What I have right now is
\b(word1|word2)\b
but this will not match for word2 (ignoring the *).
From what I read \b only matches between an alphanumeric character and a non-alphanumeric character but I have no idea how to handle this special chars trailing my targeted words.
LE: I think (?i)(?<=^|[^a-zA-Z0-9])(word1|word2)(?=$|[^a-zA-Z0-9]) does the trick ... but does it look ok?
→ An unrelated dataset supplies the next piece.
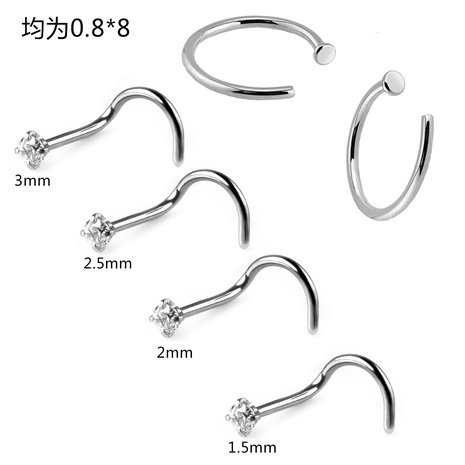 fashion C-shaped inlaid diamond fishtail hook nose nail set's discount tags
Is it a simpler way of doing this?
You are looking for an adaptive word boundary (yes, it is my concept that I described here):
(?!\B\w)(word1|word2)(?!\B\w)
Or, if you just want to make sure there is no word char on both ends:
(?<!\w)(word1|word2)(?!\w)
The (?<!\w) and (?!\w) lookarounds are unambiguous leading ((?<!\w)) and trailing ((?!\w)) word boundaries.
The \b construct meaning depends on the context: \bw will match a w in *w as it will require a non-word character before \b, but \b\* will require a word character before * as * is a non-word character.
In languages that do not support lookbehinds, the (?<!\w) should be replaced with (^|\W) and further manipulations should be done in the code.